Solange kein neues Gerät in Sicht ist, sondern langfristig weiterhin auf zB 1280x1024 gespielt wird, hat der Pentium G860 momentan eigentlich ein sehr gutes Preis-Leistung-Verhältnis. So kostet er nur zwei Drittel des günstigsten Core i3, hat aber mehr als zwei Drittel seiner Leistung.

Wenn der Monitor bald (vlt. Weihnachten oder nächstes Jahr schon" ersetzt werden soll, ist es sicher nicht verkehrt, prozessormäßig vorauszuplanen. Als Grafiklösung würde ich dennoch zur billigeren Karte tendieren. Auf einem 19 Zöller ist der Unterschied vermutlich nicht spürbar. Und auch die HD7770 ist nicht wirklich für FullHD geeignet. Da lohnt es eher, erst mit einem neuen Monitor eine gute Mittelklassekarte mitzukaufen.

Blu-ray Discs kann das Laufwerk weder lesen noch beschreiben. Die BD Leser fangen ja so bei 40€, die Schreiber um die 70€ an.
Ob's notwendig ist... naja, wenn er CARS oder Toy Story auch auf dem PC gucken will...
(Gute Blu-ray Abspielsoftware ist aber meist kostenpflichtig und liegt dem Laufwerk oft nur als Testversion bei...)

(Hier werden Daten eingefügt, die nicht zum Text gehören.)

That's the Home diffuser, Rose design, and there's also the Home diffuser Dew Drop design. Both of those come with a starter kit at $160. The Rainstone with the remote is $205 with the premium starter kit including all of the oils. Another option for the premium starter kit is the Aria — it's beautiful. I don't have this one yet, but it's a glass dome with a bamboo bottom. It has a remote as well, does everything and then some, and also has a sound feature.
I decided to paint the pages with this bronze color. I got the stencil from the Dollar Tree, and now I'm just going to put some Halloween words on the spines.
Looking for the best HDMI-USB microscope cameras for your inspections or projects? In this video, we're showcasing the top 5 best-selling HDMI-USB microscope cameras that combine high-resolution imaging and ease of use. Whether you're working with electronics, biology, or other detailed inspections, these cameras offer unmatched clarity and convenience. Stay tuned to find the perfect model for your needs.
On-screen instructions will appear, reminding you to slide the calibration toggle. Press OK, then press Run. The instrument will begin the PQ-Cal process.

Die Geschwindigkeit des Laufwerks ist heutzutage, für Spiele, weitgehend egal. Der Installationsvorgang kann sich dadurch zwar etwas verkürzen, aber diese Tortur musst du ja idR nur einmal ertragen, bei zB accountgebundenen Spielen diese danach nicht mal mehr im Laufwerk haben. 
Beim Filme gucken wären eher der Geräuschpegel des Laufwerks wichtig. Informationen dazu findet sich oft in den Rezensionen.

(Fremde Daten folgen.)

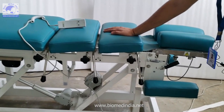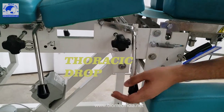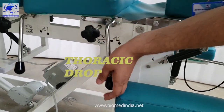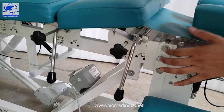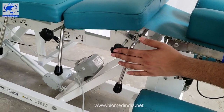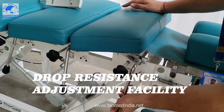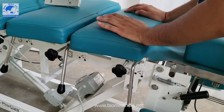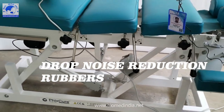This is the second drop — the upper thoracic drop. These are the side drops, and as you can see we have instructions provided here as well. All drops have an increased and decreased resistance system with each notch. We have also included a special rubber that helps reduce the sound of the drop.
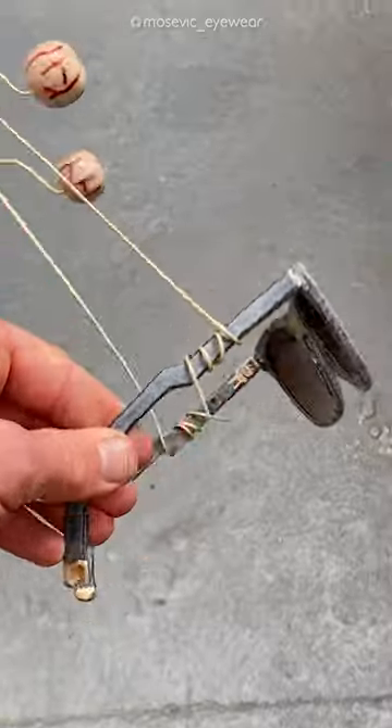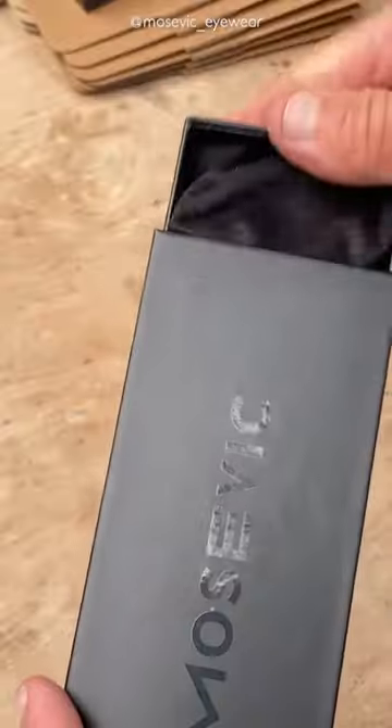I've been learning to make sunglasses. That's a nice box, and that's enough.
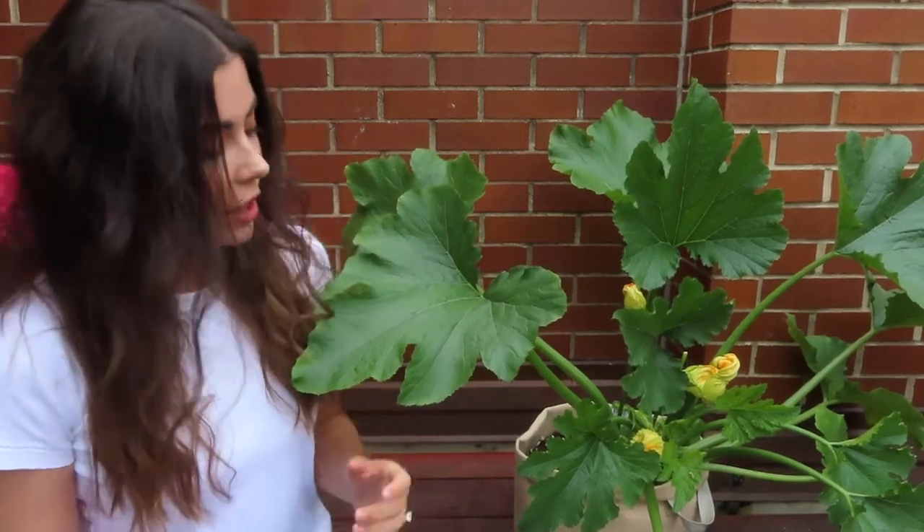Hey everyone! Today I want to talk about growing zucchini in containers. Zucchini is one of my absolute favorite plants to grow. You can get a really abundant harvest even from just one plant, and not only can you eat the actual zucchini, you can also eat the flowers, which are pretty hard to find in a regular grocery store.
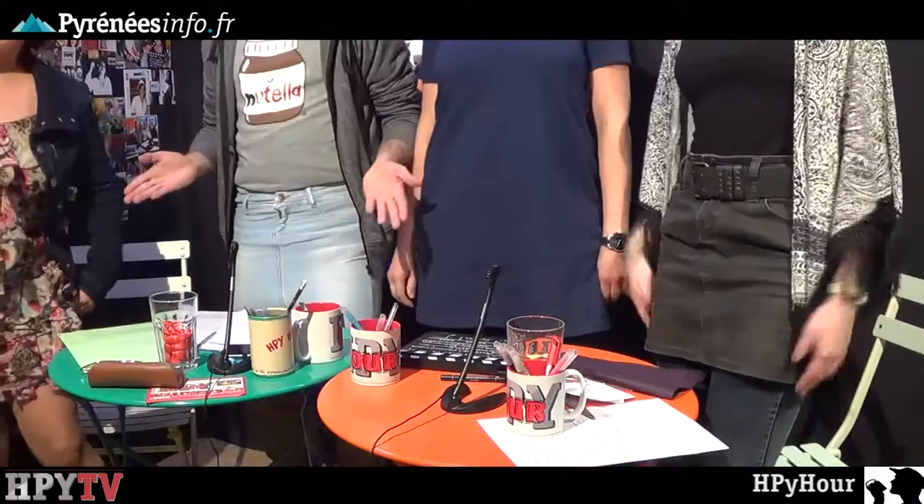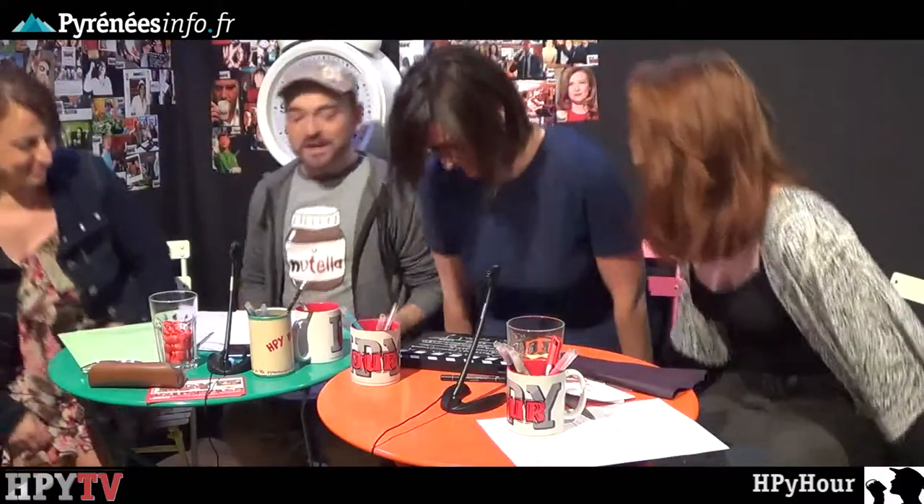Hello everyone, welcome to HP Hour, it's already the 71st episode. Today is June 6th and it's World Mini-Skirt Day, so we made an effort — we hope you admire the effort.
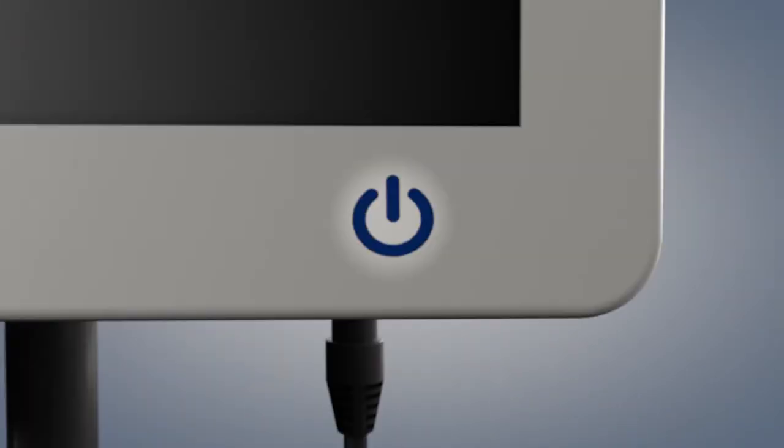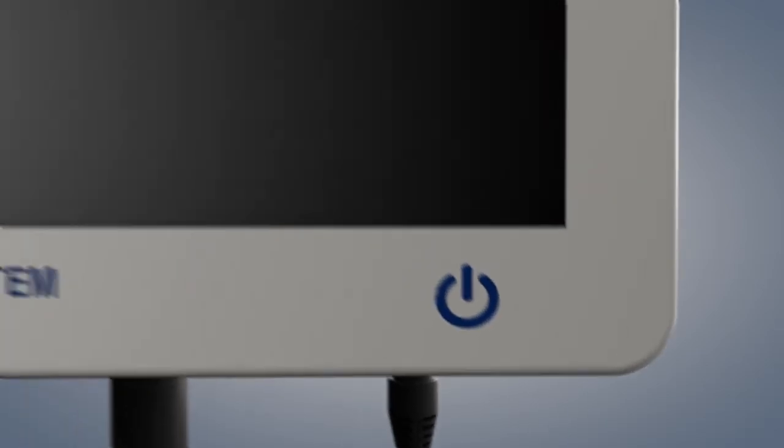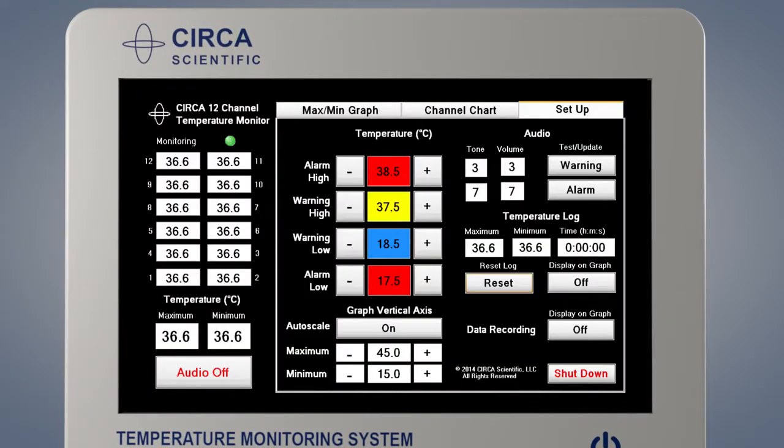Switch on the Circa monitor by pressing and holding the ON button on the front of the monitor until it glows blue. Release the button when the blue light appears. The program may take up to two minutes to start. When the monitor is first switched on, the setup screen will be displayed within two minutes.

Und ja, PCIe x1 sind die kurzen Slots. Ohne separater Soundkarte, Netzwerkkarte, etc, eigentlich unnütz. Persönlich freue ich mich über jeden freien Platz unterhalb der Grafikkarte.


----------



## Herbboy (17. Oktober 2012)

Also, eines ist klar: mit dem core i3 und einer Grafikkarte, die um 50-60€ billiger sein muss, als wenn Du nen G870 oder G860 nimmst, wird der PC in Spielen VIEL langsamer sein. Daher nimm lieber die günstigere CPU und kauf davon eine AMD 7850.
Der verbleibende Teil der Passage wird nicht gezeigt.